A LAYMAN’S PRAYER FOR AMERICAN SOLDIERS
OUR Father which art in Heaven, bless and inspire our armies in the field, our ships upon the sea. Watch over the sons of America fighting for Liberty. Strengthen and hearten them in the hour of pain and peril. Grant them victory, we beseech Thee, and lead them safely home. Make us who love them do our part loyally. Keep us united in our will to bring upon earth a reign of right and freedom. Amen.
CLEVELAND MOFFETT.
Bang!
“Dog-gone it, Hindenburg, don’t make your
strategic moves when I am standing directly behind
you!”
ON one occasion, when Hindenburg reported having “carried out his retreat according to plan,” the Kaiser, encamped at the rear, received a very discomfiting bump. Evidently, the “plan” was no less an inspiration of the moment than many others the Germans have announced, in order to put a good face upon their reverses.

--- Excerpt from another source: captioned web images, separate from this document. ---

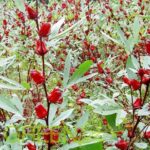 Footer Primary Without Banner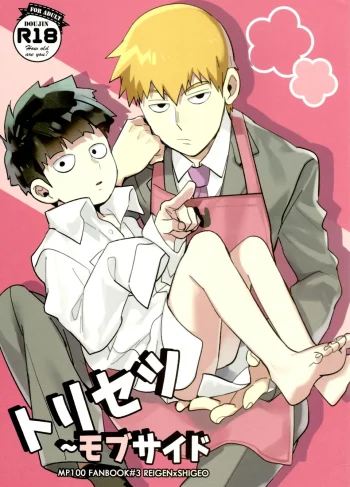[SUPERNOVA.7 (Mohi)] Torisetsu ~ Mob Side (Mob Psycho 100)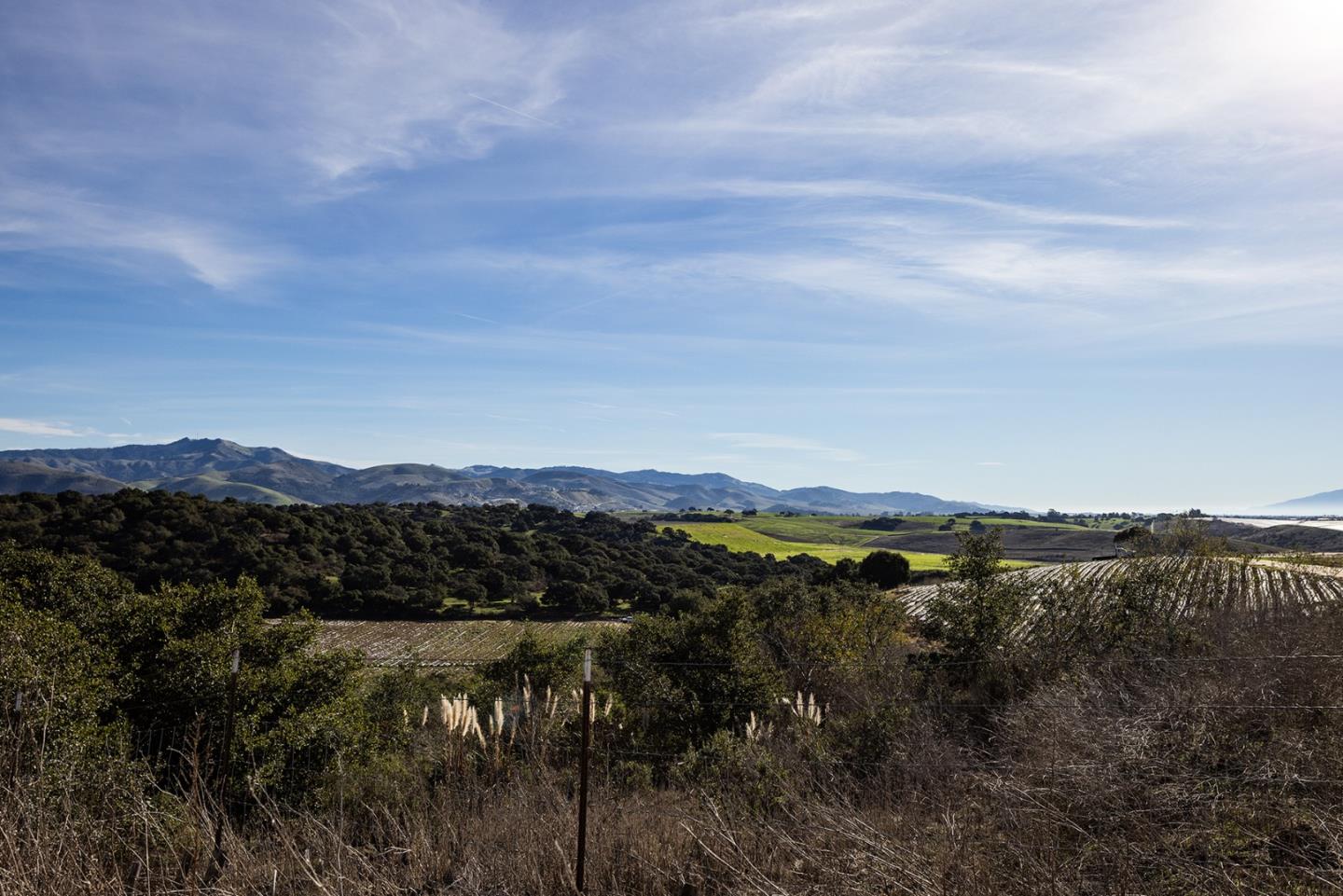 10251 Golden Meadow CIR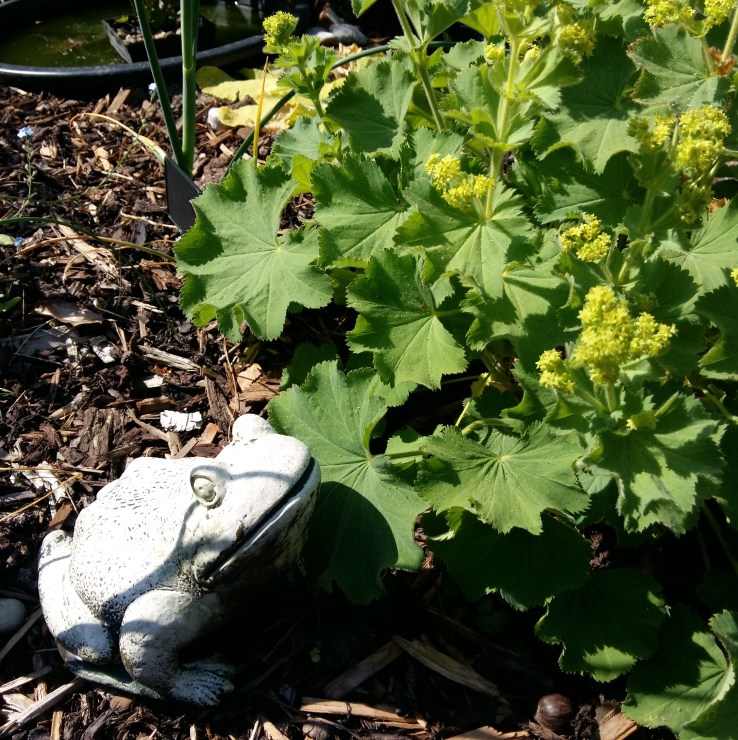 6 on Sat 10 June 2023 Alchemilla mollis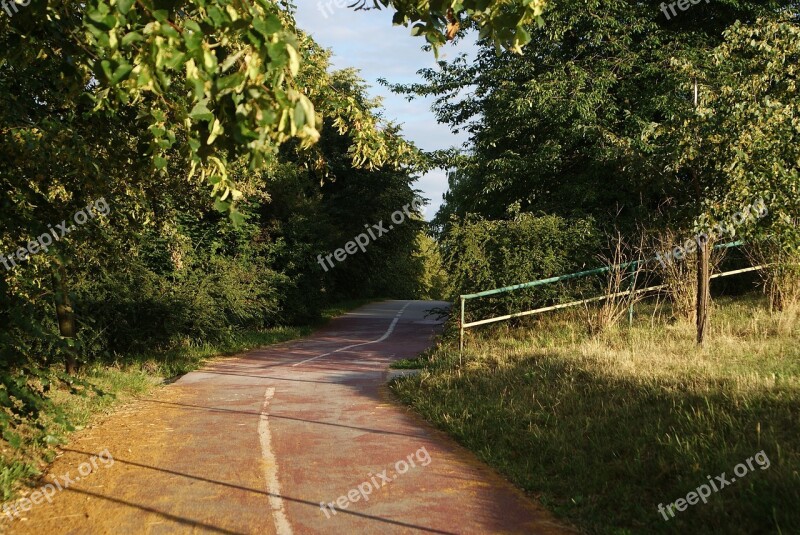 Way Nature Landscape Road Forest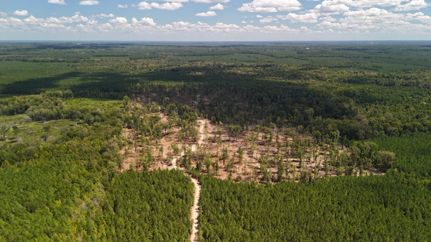 Farm Property for sale in Bradley County, Arkansas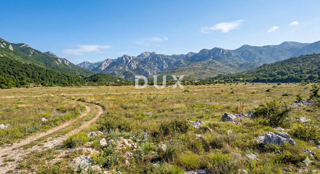 LOVINAC, SVETI ROK - PRILOŽNOST! Zemljišče v coni T1, vrhunska lokacija!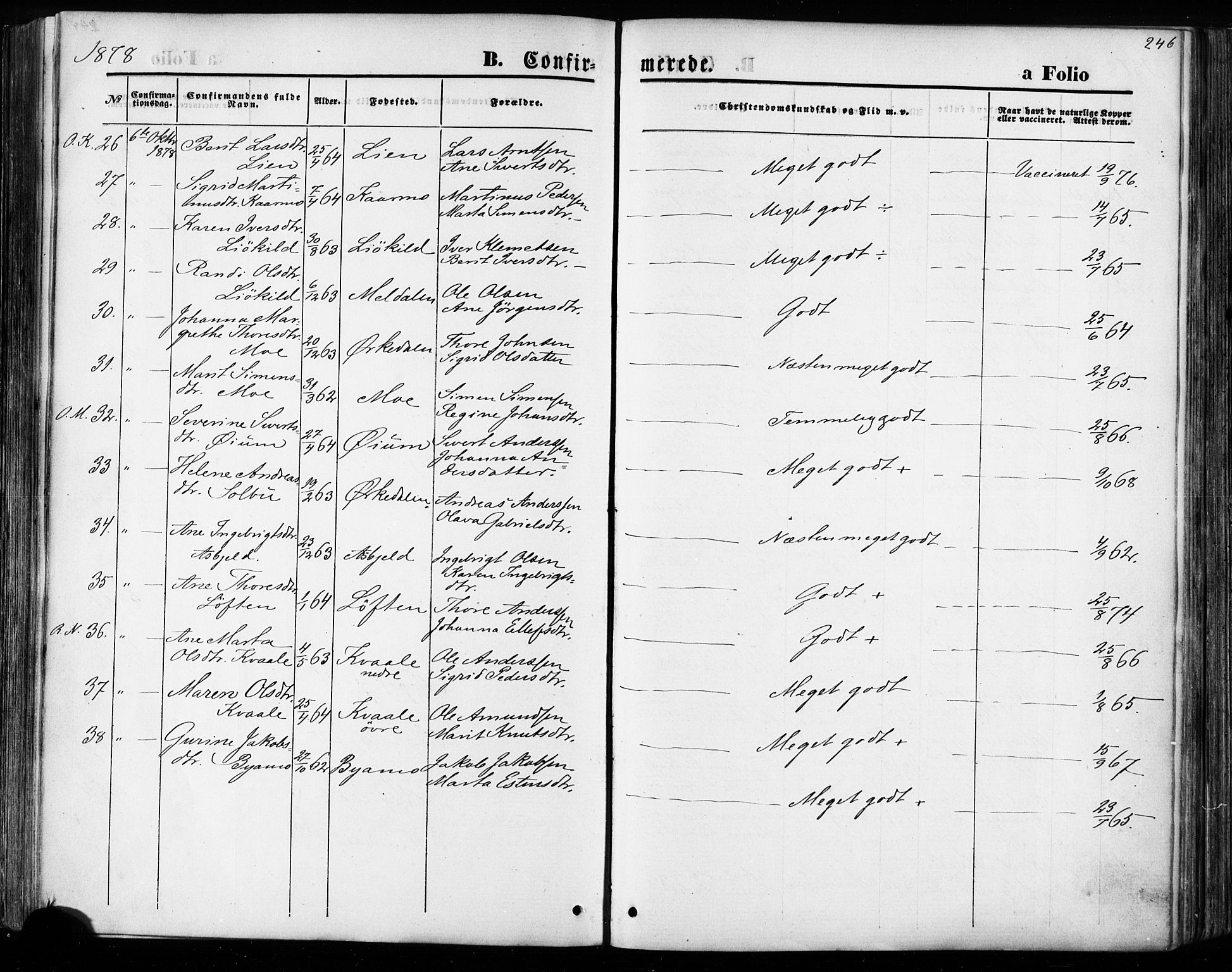 Ministerialprotokoller, klokkerbøker og fødselsregistre - Sør-Trøndelag, AV/SAT-A-1456/668/L0807: Parish register (official) no. 668A07, 1870-1880, p. 246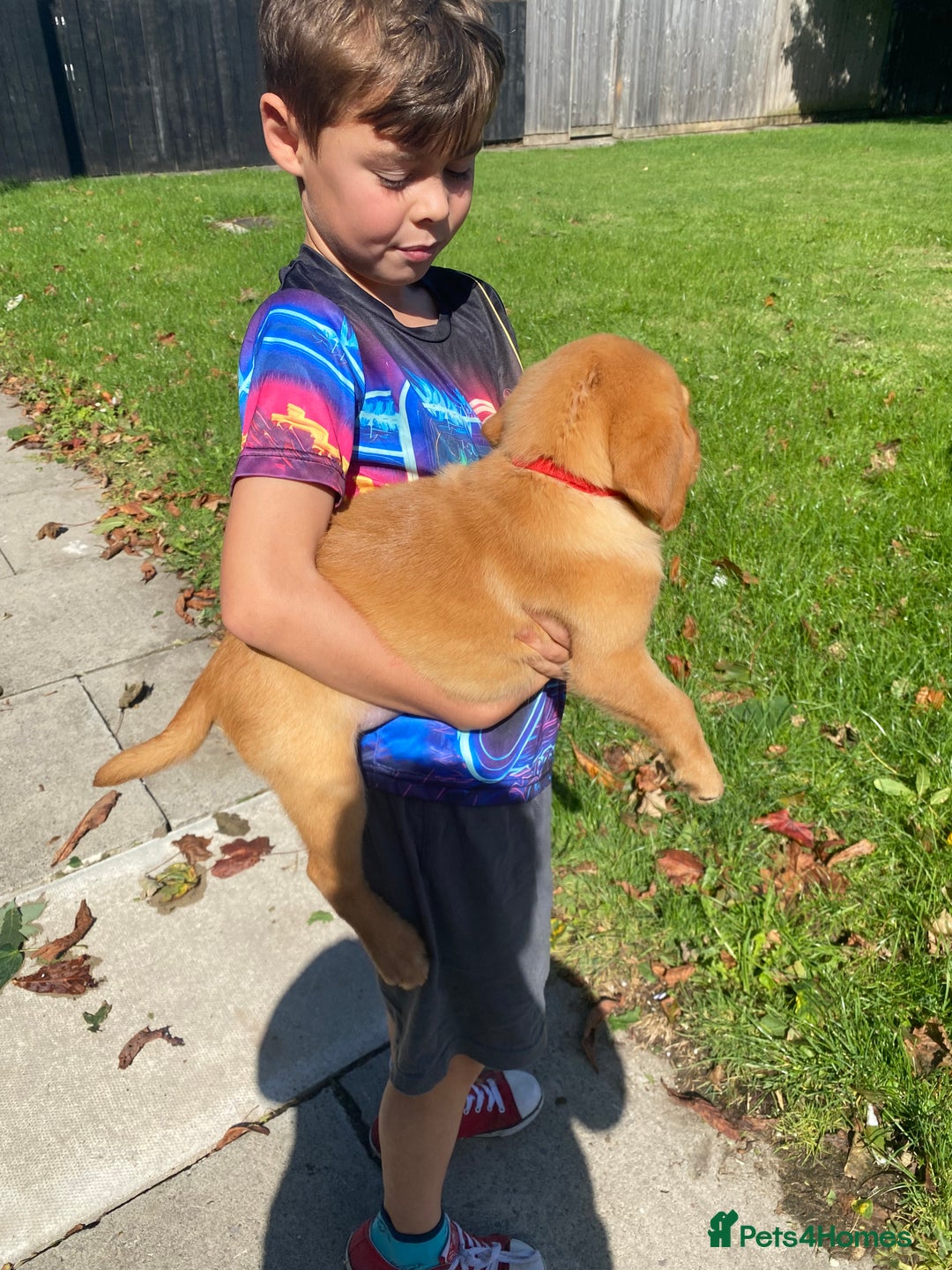 Labrador Retriever dogs for sale: Kc Labrador puppy ALLinjectionsfleawormchipinsured - Image 28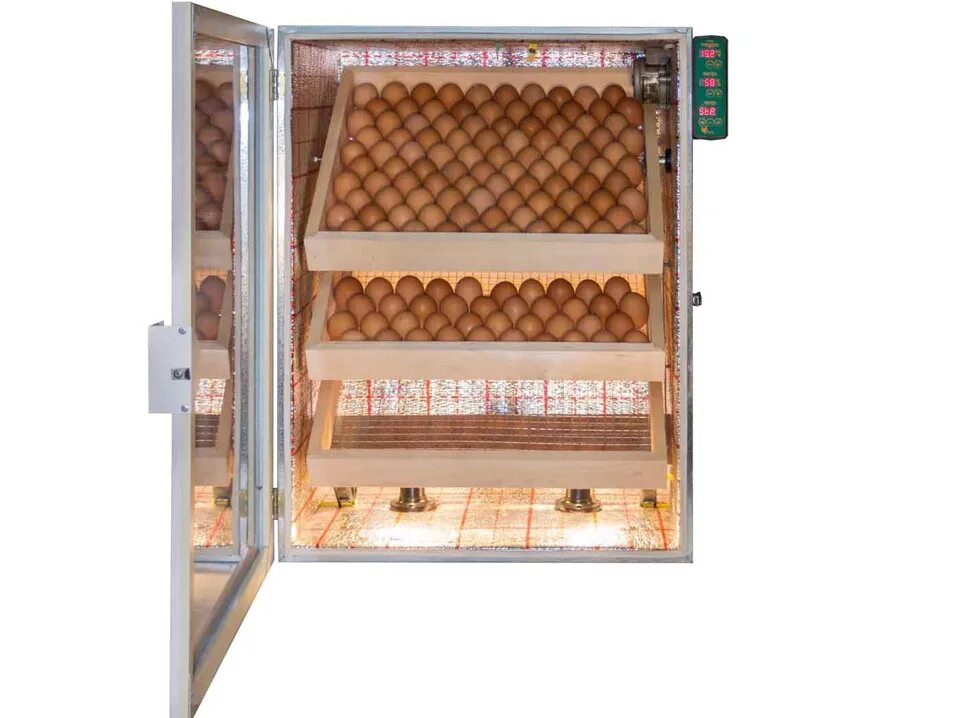 Китайский инкубатор 2021 книга. Инкубатор sititek 12. Инкубатор "sititek 48". Спектр-84-01. Инкубатор ламповый тандем -120.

“I Must Break in Here Before
That Comes Down”
THE small speck that at first seemed a dull mist hanging over the Western Hemisphere caused little else than sarcastic flings at our own Republic, and had it been possible to awaken pity in the breast of the Arch Demon, striving to spread his wings over the whole world, some sympathy might have fallen to us, for the weak mind we showed in presuming we could do anything to check the Imperial army in its brutal course. But happily great oaks from little acorns grow, from stationary mists dark clouds may rise, from low uncertain rumblings the ear-splitting thunder clap may spring, and make man and beast seek cover. So, by the Grace of God, things have developed, and the mist that was a banquet joke, is transformed, and spread into a veritable storm, and its direction is across the wide ocean; it is an on-rusher that awakens a craven fear; and it well may. It is no autumn cloud, whose fleecy skirts the sun has painted with gold; but something equalling the harbinger of death, that the soothsayers saw driving over Rome when Cæsar’s end was nigh; on which could be seen “Fierce fiery warriors in ranks, and squadrons and in right form of war”; and from which blood is drizzling, not only to fall over France, or Flanders, but perhaps to darken the sky, and crimson the soil, even at that nest of iniquity, Potsdam.